Excluding pictures, what does the listing below contain from the line with "Mesolóngion Exteriér fotografie" up to and including the line with "Used Porsche Panamera", word for word?

### GIVEN RECORDS

'''

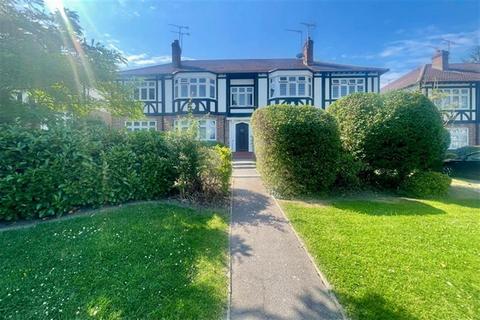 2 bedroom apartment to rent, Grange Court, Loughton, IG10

'''
'''

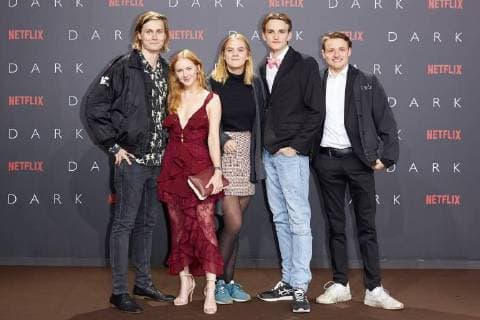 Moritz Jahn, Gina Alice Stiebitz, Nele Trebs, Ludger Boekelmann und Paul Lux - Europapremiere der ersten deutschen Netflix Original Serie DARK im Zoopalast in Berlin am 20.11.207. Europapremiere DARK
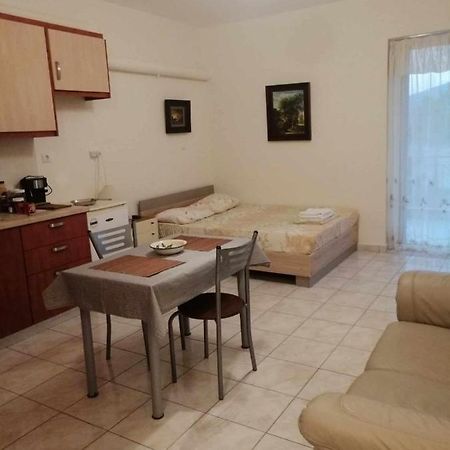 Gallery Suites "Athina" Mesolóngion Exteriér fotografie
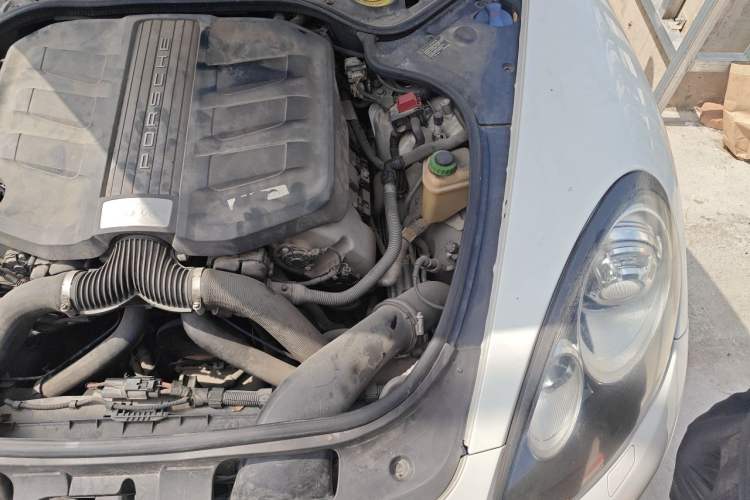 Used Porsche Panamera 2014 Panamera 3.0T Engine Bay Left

'''

### FINAL ANSWER
 Gallery Suites "Athina" Mesolóngion Exteriér fotografie
 Used Porsche Panamera 2014 Panamera 3.0T Engine Bay Left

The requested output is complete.